Now before we do anything else let’s have a look at one of the gradients.

# have a look at the current gradients of the output weights
# should not yet have one as pytorch has not yet calculated anything
# 2D tensor, so reduce to 1D
print(f"output weight gradients: {simple.outp.weight.grad.squeeze()}")

output weight gradients: None

Forward and Backward Propagation

PyTorch is tracking the information it needs to calculate the gradients. But we haven’t yet calculated anything for it to use. So let’s take care of that by executing a forward and backward pass (propagation?). For the latter we will need to have a loss function and a loss value.

For the forward pass, just for comparison with our manually calculated value let’s print out the PyTorch value.

# so let's define our loss function and run our forward and backward passes
loss_fn = nn.MSELoss()

rslt = simple(x)
print(f"\nforward pass: {rslt}")
loss = loss_fn(rslt, y)
print(f"\nloss: {loss}")
loss.backward()

And it looks like PyTorch is tracking the gradient for the predicted \(y\) value (tensor).

forward pass: tensor([8.5475], grad_fn=<ViewBackward0>)

loss: 12.585038185119629

That’s a match. Now, let’s have another look at those output weight gradients.

# check that gradient now
# 2D tensor, so reduce to 1D
print(f"\noutput weight gradients: {simple.outp.weight.grad.squeeze()}")

output weight gradients: tensor([6.7586, 6.2493])

And, forgiving differences in rounding, that’s pretty much what we calculated above. So, let’s have a look at all of the gradients as calculated by AutoGrad.
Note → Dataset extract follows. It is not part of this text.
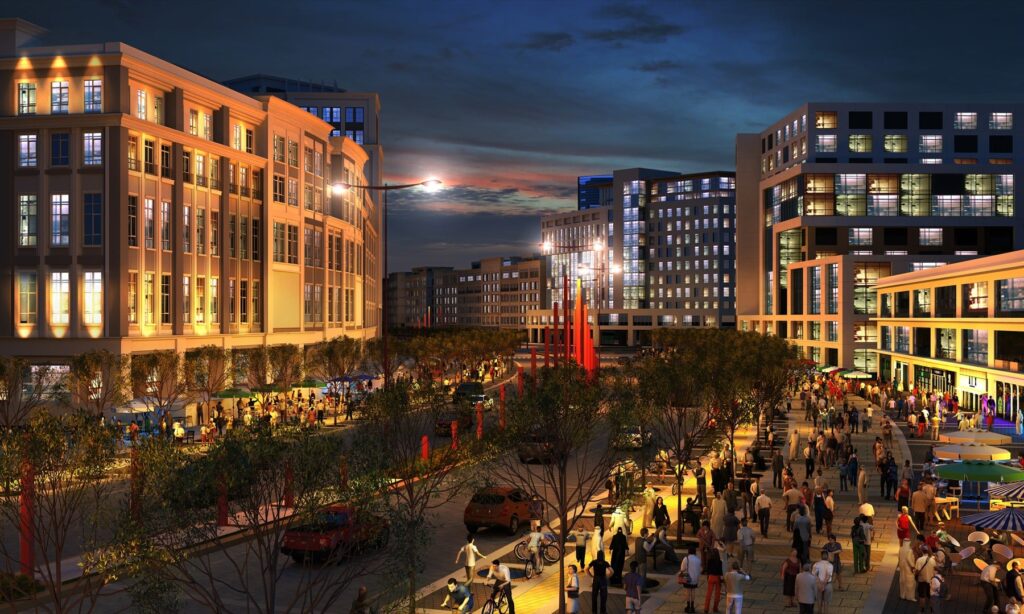 advantages of living in dubai motor city advantages of living in dubai motor city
# print all model gradients
print("\nHidden layer gradients")
print(f"biases: {simple.hide.bias.grad}")
print(f"weights: {simple.hide.weight.grad.squeeze()}")
print("\nOutput layer gradients")
print(f"biases: {simple.outp.bias.grad}")
print(f"weights: {simple.outp.weight.grad.squeeze()}")

Hidden layer gradients
biases: tensor([0.6411, 2.2348])
weights: tensor([0.6411, 2.2348])

Output layer gradients
biases: tensor([7.0951])
weights: tensor([6.7586, 6.2493])

Once again, ignoring differences in rounding, exactly what we calculated above.

What next?

Gradient Descent

Let’s have a look at using gradient descent to update our model parameters.
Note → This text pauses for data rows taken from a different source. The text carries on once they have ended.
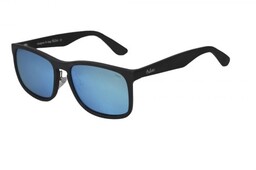 Belutti SFJ 042 c 002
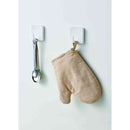 アスベル ポゼ フック(吸着シート) A4107 2個入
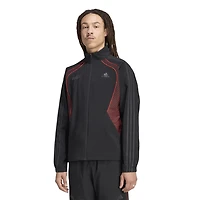 adidas Coca-Cola Track Top - Men's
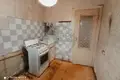 Apartamento 1 habitación 32 m² Moscú, Rusia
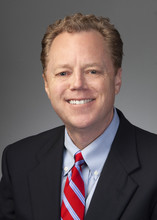 Andrew Hopkins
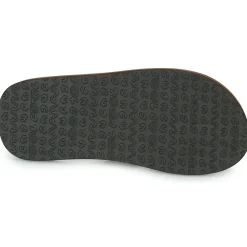 Cool shoe - CLOUD
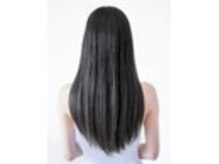 クイーンイロハ(Qiroha)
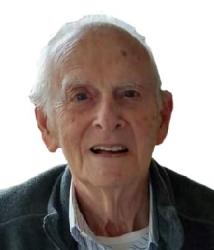 DON JOSE BREY REY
We will need an optimizer to proceed. I was going to use Adam as we have used it in our most recent models (GANs). But, I figured SGD would likely generate values I would find easier to reproduce.

We will instantiate the optimizer, execute an optimiztion step and have another look at the new model parameters. The optimizer also has a state_dict(). But in this case, as you can see, it wasn’t particularly informative.

# need an optimizer, using stochastic gradient descent
mod_opt = torch.optim.SGD

# instantiate optimizer and run optimizer step
opt = mod_opt(simple.parameters(), lr=0.1)

opt.step()
# look at current optimize parameters
print(f"\noptimizer state:")
print(f"{opt.state_dict()}")

# look at model parameters after optimizer steop
print(f"\noptimized, 1 step, model parameters:\n{simple.state_dict()}")

optimizer state:
{'state': {0: {'momentum_buffer': None}, 1: {'momentum_buffer': None}, 2: {'momentum_buffer': None}, 3: {'momentum_buffer': None}}, 'param_groups': [{'lr': 0.1, 'momentum': 0, 'dampening': 0, 'weight_decay': 0, 'nesterov': False, 'maximize': False, 'foreach': None, 'differentiable': False, 'params': [0, 1, 2, 3]}]}

optimized, 1 step, model parameters:
OrderedDict({
  'hide.weight': tensor([[ 0.9359], [-1.2235]]), 'hide.bias': tensor([1.9359, 2.7765]),
  'outp.weight': tensor([[1.3241, 2.3751]]), 'outp.bias': tensor([3.2905])
})

Let’s see if we can calculate one of those ourselves.

We will adjust the weight for the output bias, \(b_3\). The new weight is calculated as follows.

$$ \text{new output bias} = b_3 - (\frac{\partial \mathcal{L}}{\partial b_3} * lr) $$

where:
lr = optimizer learning rate

# some test arithmetic
# output bias
print(f"\nnew output bias: 4 - (7.095 * .1) = {(4 - (7.095 * .1)):.4f}")
print(f"\nor change in output bias: (4 - 3.2905) / .1 = {((4 - 3.2905) / .1):.4f}")

new output bias: 4 - (7.095 * .1) = 3.2905
or
change in output bias: (4 - 3.2905) / .1 = 7.0950

And, that’s a match.

Real World

Needless to say, in order to train a real neural network, i.e. a machine learning model, this process of forward pass, backward pass and optimization is repeated a staggeringly large number of times using the available training data. We just did it once to get an idea of how a single iteration works. And the models would have millions to billions of parameters. We had half a dozen or so.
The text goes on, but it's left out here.